Chambers was last seen on grainy gas station footage that shows her walking towards a gas station, about 90 minutes before first responders discovered her on fire about one mile from the gas station. The footage shows Jessica waving before she walked over to speak with someone.

The footage also showed a man wearing a striped shirt filling up a gas who then walked in the same direction as the teen. Soon after, Chambers returned to her car and drove off.

Tellis was charged almost two years after Chambers death.

“We knew he was the last person she was with,” prosecutor John Champion alleged at the time. “We came to the realization that he was with her at 6 o’clock. Their phones were absolutely together in Batesville.”

“We found out he was in Louisiana in jail down there and one thing led to another, and he kept lying to us, and every time we’d bust his lies, he’d change his story, and he basically put himself with Jessica until 7:26,” Champion added. “We know she was on the scene until 7:31. So the chances of her being with somebody else for four minutes just doesn’t make sense.”

Champion did not mention the possible motive of the murders and also alleged Tellis acted alone. Tellis faces life in prison without parole if convicted, according to an April 18 court filing in which state prosecutors disclosed they wouldn't seek the death penalty.

“This guy lived at the other end of the street from us,” Jessica’s stepmother Debbie Chambers previously told People magazine. “Jessica knew him roughly for 12 days. A mutual friend introduced them.”

Champion also reportedly said that Tellis and Chambers were friends. Authorities said about 20,000 telephone numbers were analyzed as part of the investigation, more than 150 people were questioned, and investigators traveled to Iowa and Chattanooga, Tennessee, to get details about the case.

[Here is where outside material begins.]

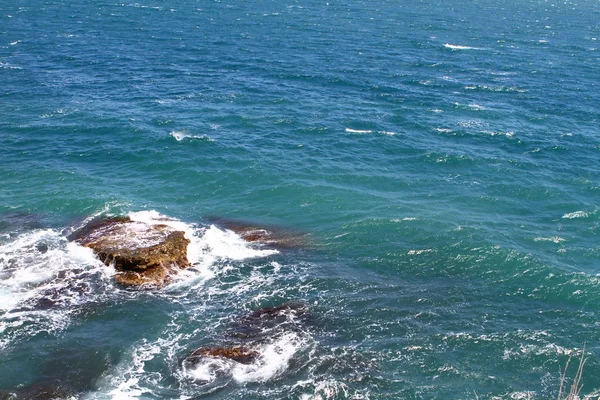 Wunderschöner Petroleum Hellblauer Meeresstrand Mit Großen Steinen Einem Sommertag Foto — Stockfoto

This is not the only murder charge Tellis faces. In May 2016, he pleaded guilty to unauthorized use of a credit card of Meing-Chen Hsiao, 34, a former Taiwanese exchange student who was found dead in August 2015 with multiple stab wounds, defensive wounds and slicing wounds in her upper back. Tellis was charged with the murder of Hsiao in July 2016 after being extradited to Mississippi for the trial related to Chambers’ death.